Teaching children to swim to save lives


There is often much discussion around which skills should be taught in school and which skills parents should take responsibility for.

Research from the Amateur Swimming Association (ASA) has highlighted the vital role schools need to play in teaching children to swim and has warned that half of seven to 11-year-olds in England cannot swim the length of a standard pool.

These statistics are made more worrying by the fact that drowning is the third largest cause of death in under-11s. So should this matter of life and death be the responsibility of teachers or parents? It should be a bit of both, although The UK Government has emphasised the role of schools in teaching children to swim by recommending pupils have 22 hours of swimming lessons per year, although it is believed that only 2% of state schools delivered on this recommendation.

Experts believe that schools should be prioritising swimming and that Ofsted should focus its PE inspections on swimming, as it is the only sport that can save lives. There are of course many reasons why some schools struggle to meet the 22 hour guideline; the cost of transportation, as many primary schools are not equipped with a pool, lack of time in the school day and increasing pressures to deliver top exam results. These all impact negatively on schools’ swimming provision.
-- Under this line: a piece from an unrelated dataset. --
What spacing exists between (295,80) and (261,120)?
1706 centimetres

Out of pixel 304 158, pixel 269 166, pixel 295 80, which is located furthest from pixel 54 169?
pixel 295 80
There is some hope however, in the form of £150m funding from the government, towards school sports. ASA is calling for the lion’s share to be spent on swimming and water-safety skills. Hopefully schools will seize this opportunity and the chance to ensure future generations are more confident in the water.

I am still surprised when my contemporaries admit that they cannot swim a full length of the pool or even keep themselves afloat for a prolonged period of time. I was fortunate enough to benefit from out of school coaching as swimming lessons were practically non-existent in my primary school. It is a skill that stays with you for life and as a result I feel confident that if I or someone else got into danger in the water, I would be able to help the situation. Unfortunately, assuming that all parents will teach their children how to swim is too unreliable, due to a number of variables; income of the family, proximity to a swimming pool and whether working parents have enough time to take their children swimming.

More awareness is being raised about the importance of swimming and with additional funding being made available in September 2013, schools are uniquely placed to make a difference.